# [The input]
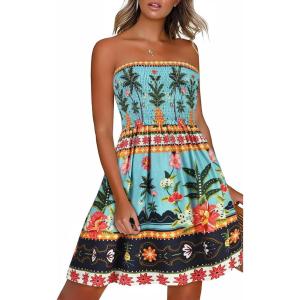 imageCHICGAL Summer Dresses for Women Beach Cover Ups Strapless Boho Floral Print SundressBlue Flower Pineapple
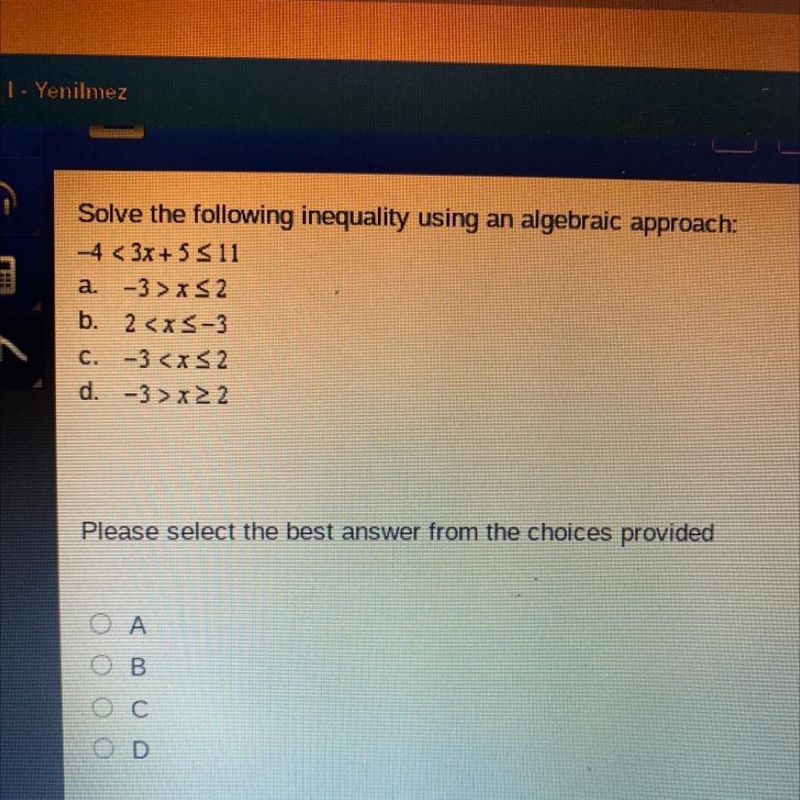 Solve the following inequality using an algebraic approach: -4 < 3x+5<11-example-1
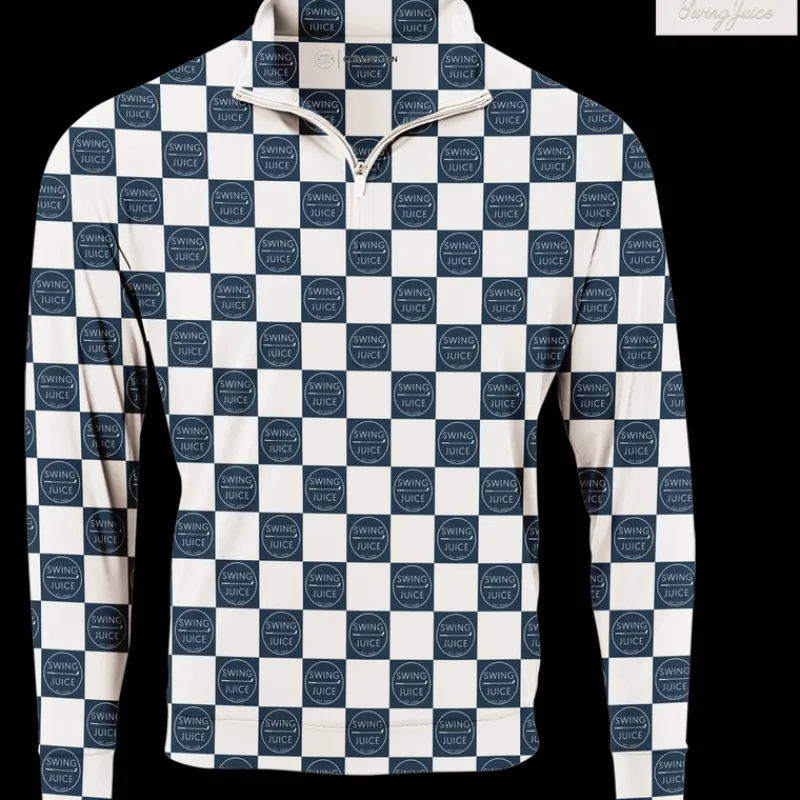 Golf SJ Checkerboard Men's Quarter Zip-SwingJuice Outlet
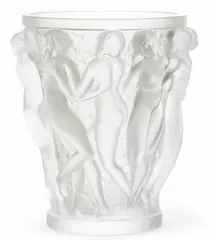 Lalique, 'Bacchantes' Frosted Crystal Vase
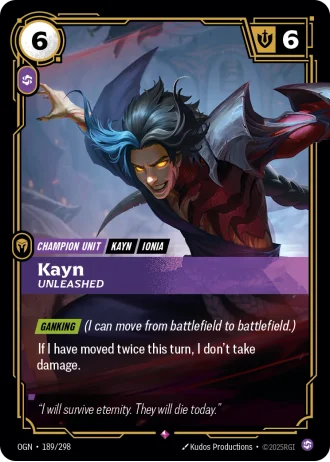 Kayn, Unleashed #189/298 — Origins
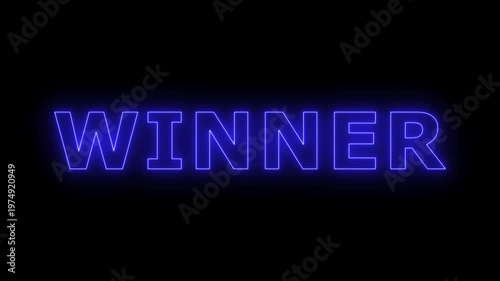 Glowing flickering neon inscription Winner Text Animation.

# [Work to complete]
Each line from the one containing "Kayn, Unleashed #189/298 — Origins" through the last line above should be retyped exactly, and no other line. Any picture is to be left out.

# [Solution to this problem]
 Kayn, Unleashed #189/298 — Origins
 Glowing flickering neon inscription Winner Text Animation.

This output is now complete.